Exercise requirements: Repeat all the lines below exactly, but omit the pictures.

Stored items from a collection
*** Block opens ***
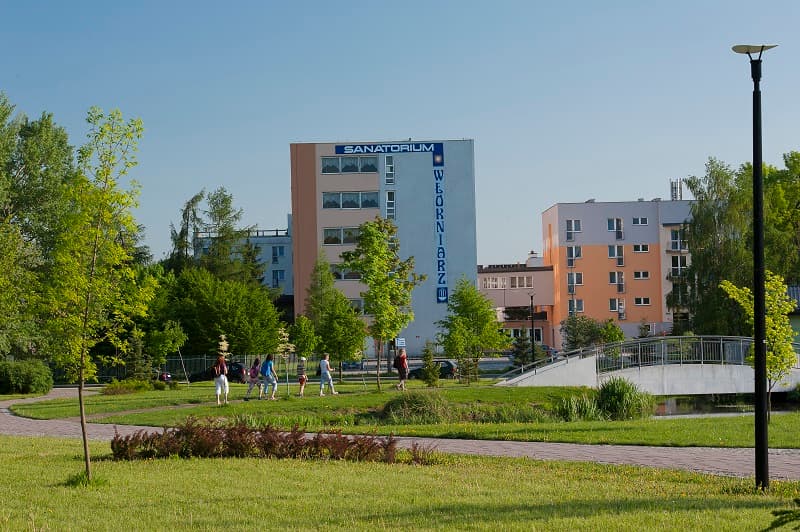 Budynek Sanatorium Włókniarz Busko-Zdrój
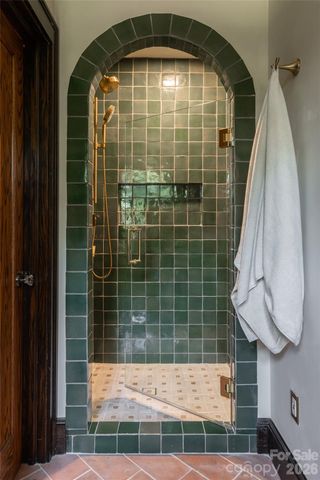 21 Lynwood Road, Asheville, NC 28804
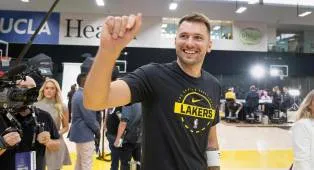 Luka Doncic Raih Penghargaan Perdana Bersama Lakers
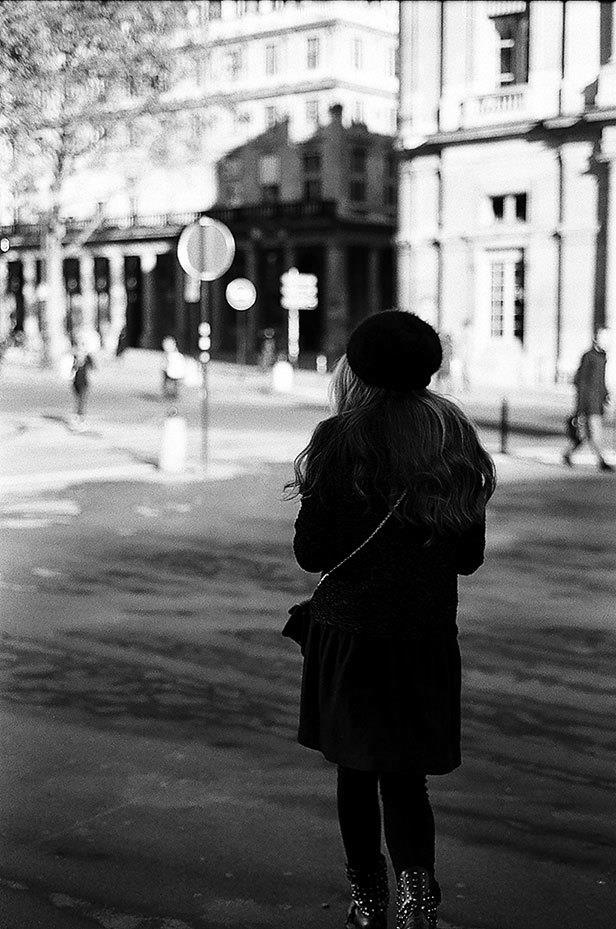 Иллюстрация к книге — Убийство в переулке Альфонса Фосса [i_004.jpg]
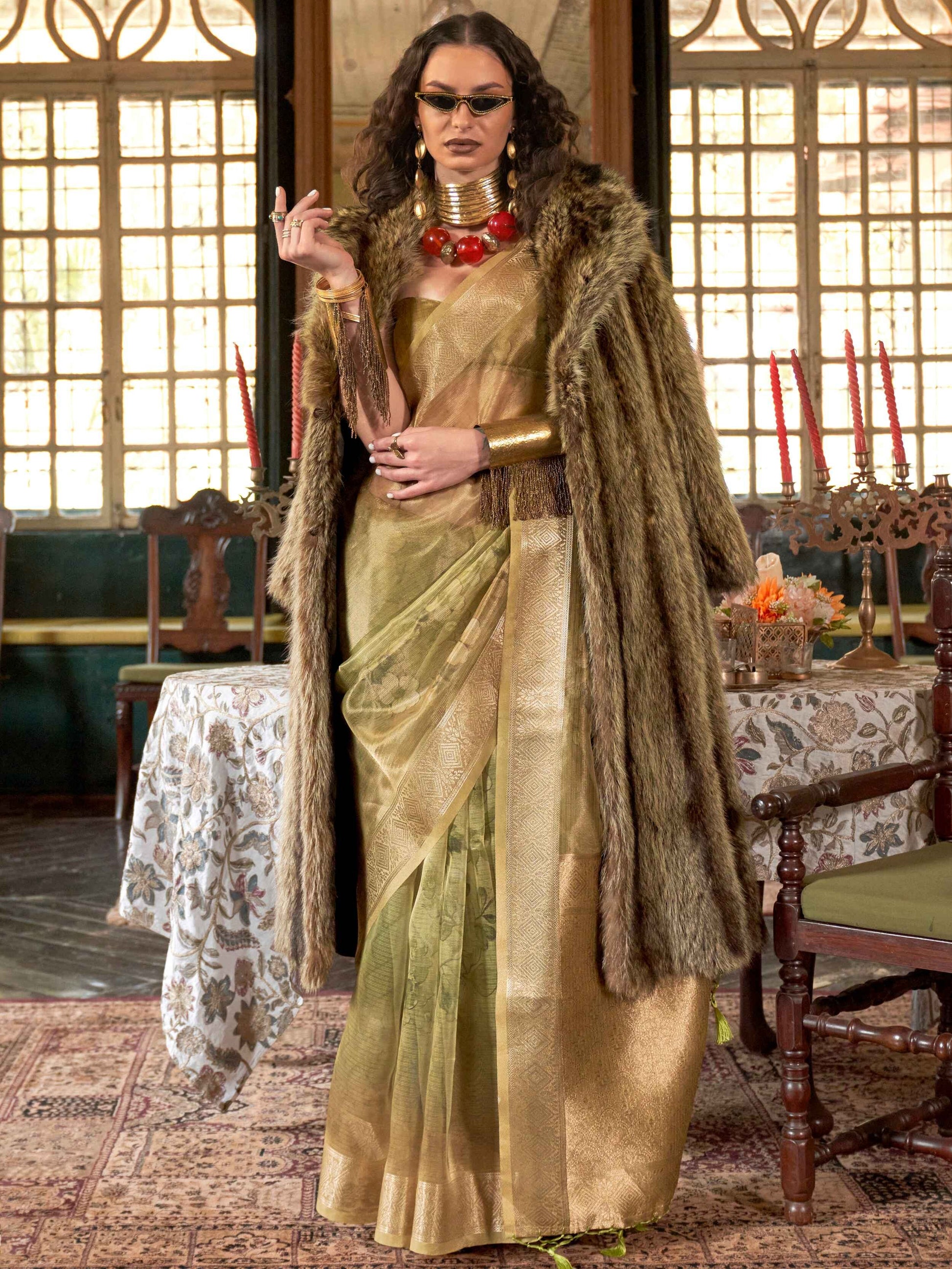 Aesthetic Green Floral Printed Organza Mehendi Wear Saree With Blouse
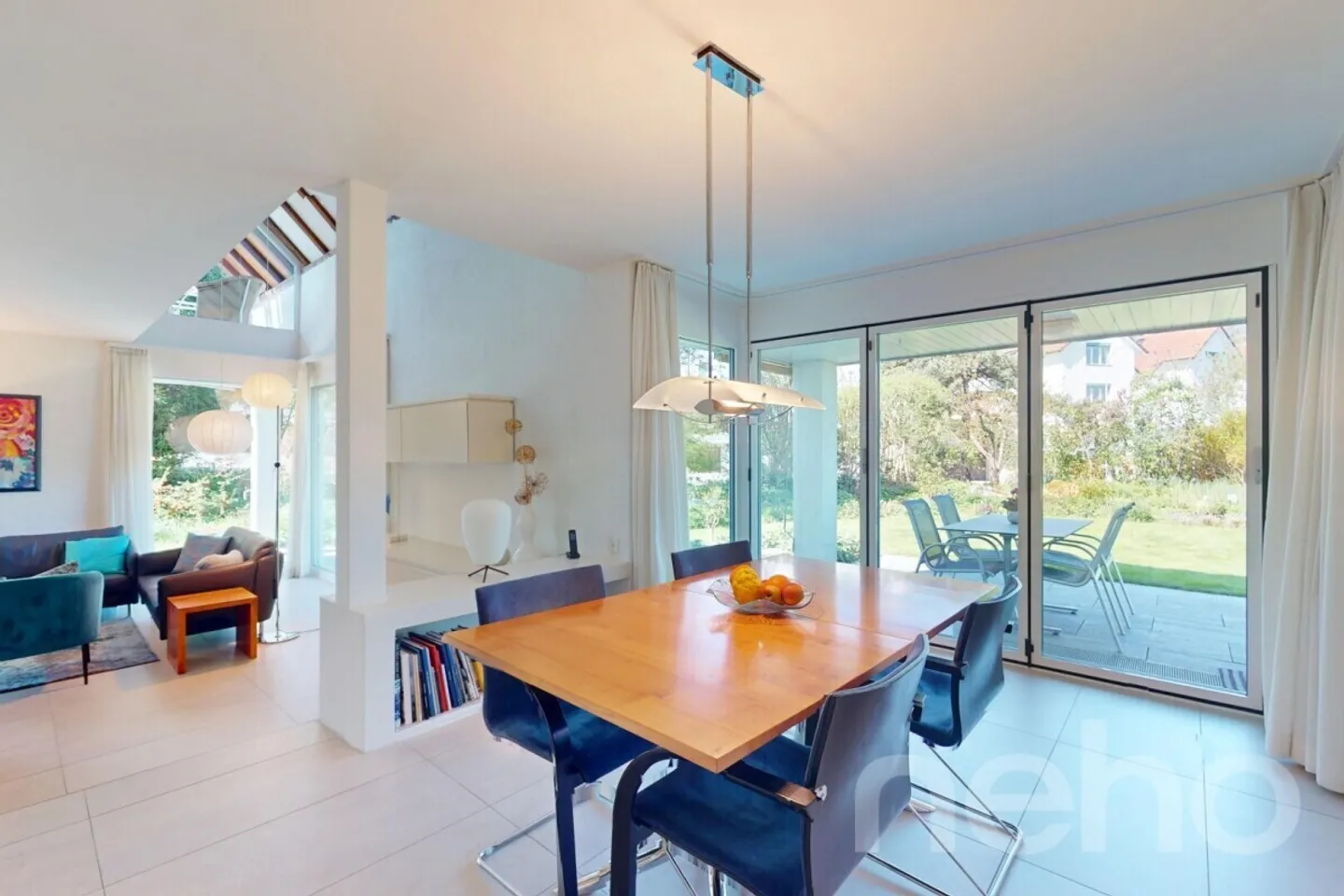 Affascinante casa unifamiliare di 7,5 stanze con grande giardino a Langnau a. - Foto 8 di 13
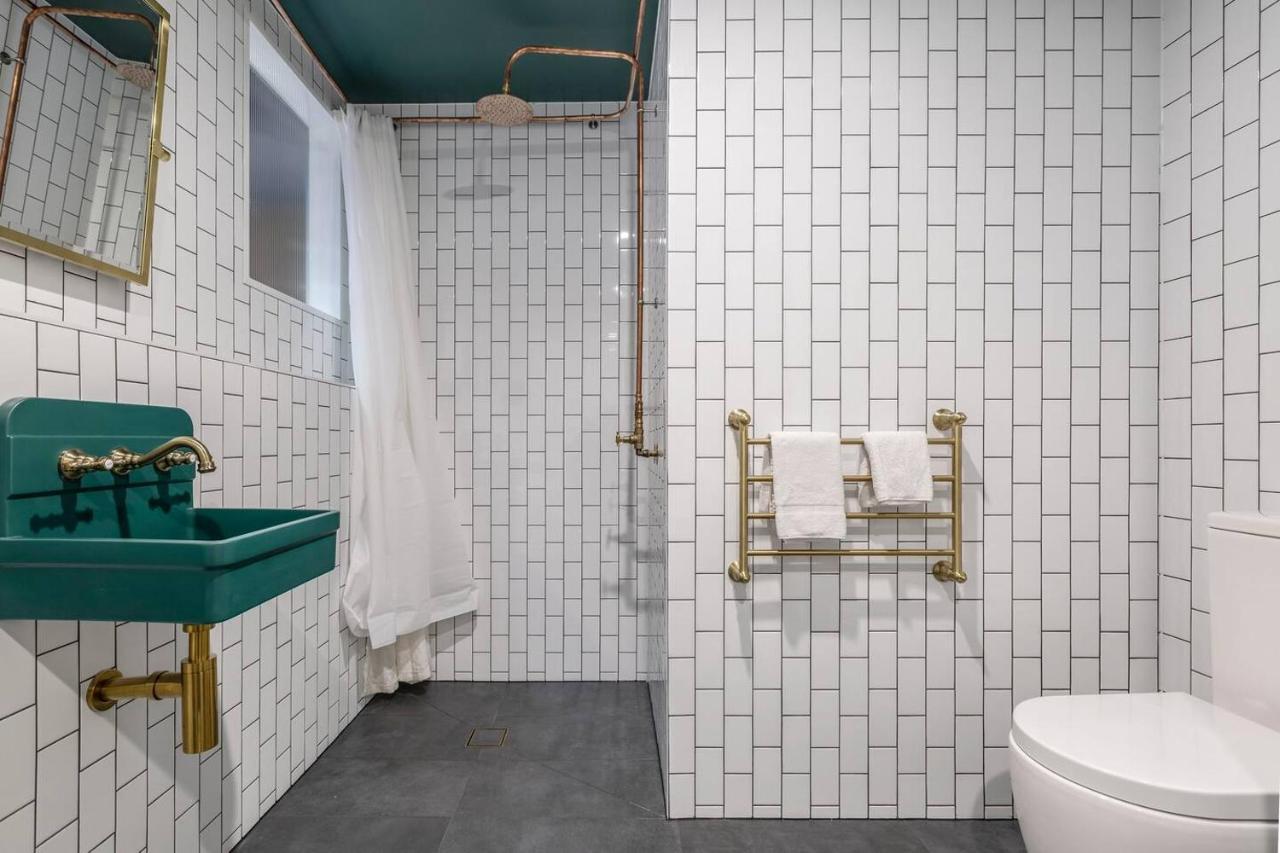 Apartment Fitzroy Thrills In Macrobertson Factory Conversion *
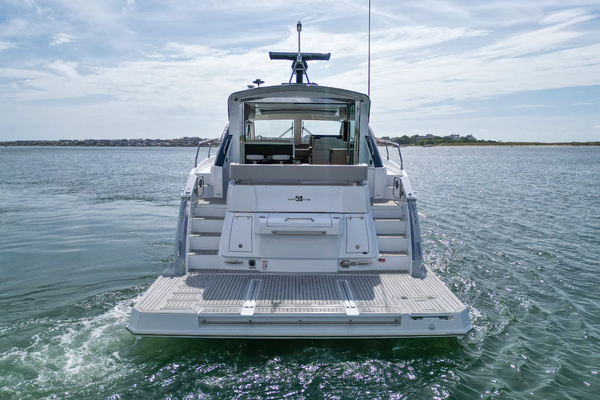 50ft Cruisers Yachts Yacht For Sale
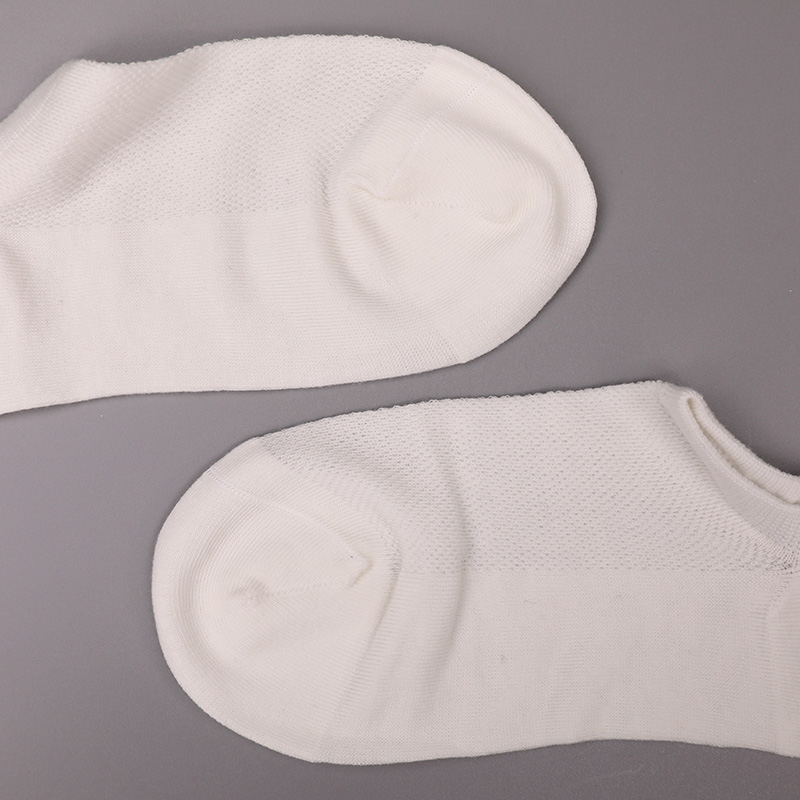 Cadás cíortha ultra-tanaí, níolón agus stocaí ban leathmhogaill spandex simplí fuaite le lámh WSD1673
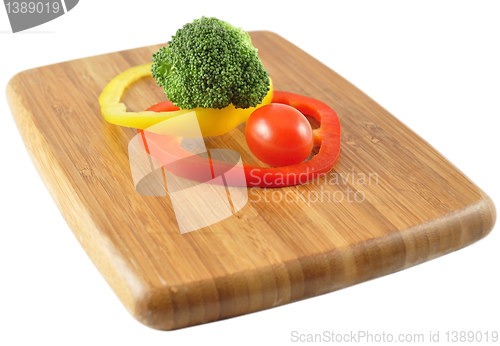Image of fresh vegetables on a cutting board 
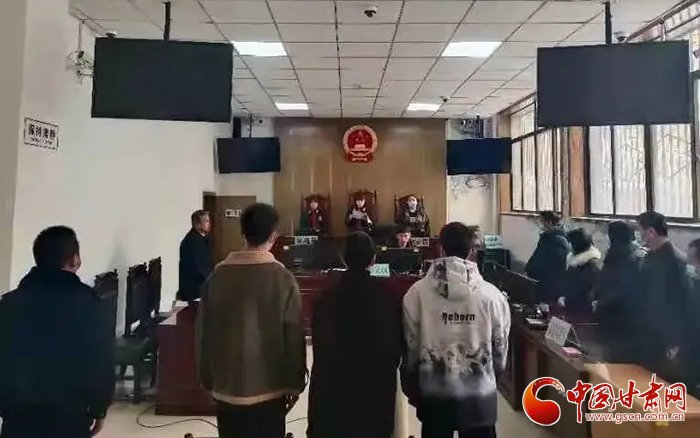 依法帶娃！甘肅省平?jīng)鍪邪l(fā)出首份《家庭教育令》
*** Block closes ***
Output of the task:
 Budynek Sanatorium Włókniarz Busko-Zdrój
 21 Lynwood Road, Asheville, NC 28804
 Luka Doncic Raih Penghargaan Perdana Bersama Lakers
 Иллюстрация к книге — Убийство в переулке Альфонса Фосса [i_004.jpg]
 Aesthetic Green Floral Printed Organza Mehendi Wear Saree With Blouse
 Affascinante casa unifamiliare di 7,5 stanze con grande giardino a Langnau a. - Foto 8 di 13
 Apartment Fitzroy Thrills In Macrobertson Factory Conversion *
 50ft Cruisers Yachts Yacht For Sale
 Cadás cíortha ultra-tanaí, níolón agus stocaí ban leathmhogaill spandex simplí fuaite le lámh WSD1673
Image of fresh vegetables on a cutting board 
 依法帶娃！甘肅省平?jīng)鍪邪l(fā)出首份《家庭教育令》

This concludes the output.